The war plans represent a historic shift for the Pentagon, which has been reluctant to become involved in domestic operations and is legally constrained from engaging in law enforcement. Indeed, defense officials continue to stress that they intend for the troops to play largely a supporting role in homeland emergencies, bolstering police, firefighters and other civilian response groups.

But the new plans provide for what several senior officers acknowledged is the likelihood that the military will have to take charge in some situations, especially when dealing with mass-casualty attacks that could quickly overwhelm civilian resources...

The Pentagon's new homeland defense strategy, issued in June, emphasized in boldface type that "domestic security is primarily [sic] a civilian law enforcement function." Still, it noted the possibility that ground troops might be sent into action on U.S. soil to counter security threats and deal with major emergencies...

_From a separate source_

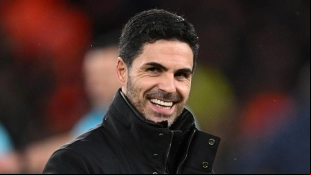 El Arsenal quiere fichar a Jorrel Hato / BBC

Civil liberties groups have warned that the military's expanded involvement in homeland defense could bump up against the Posse Comitatus Act of 1878, which restricts the use of troops in domestic law enforcement. But Pentagon authorities have told Congress they see no need to change the law.

According to military lawyers here, the dispatch of ground troops would most likely be justified on the basis of the president's authority under Article 2 of the Constitution to serve as commander in chief and protect the nation. The Posse Comitatus Act exempts actions authorized by the Constitution...

One potentially tricky area, the admiral said, involves National Guard officers who are put in command of task forces that include active-duty as well as Guard units -- an approach first used last year at the Group of Eight summit in Georgia. Guard troops, acting under state control, are exempt from Posse Comitatus prohibitions.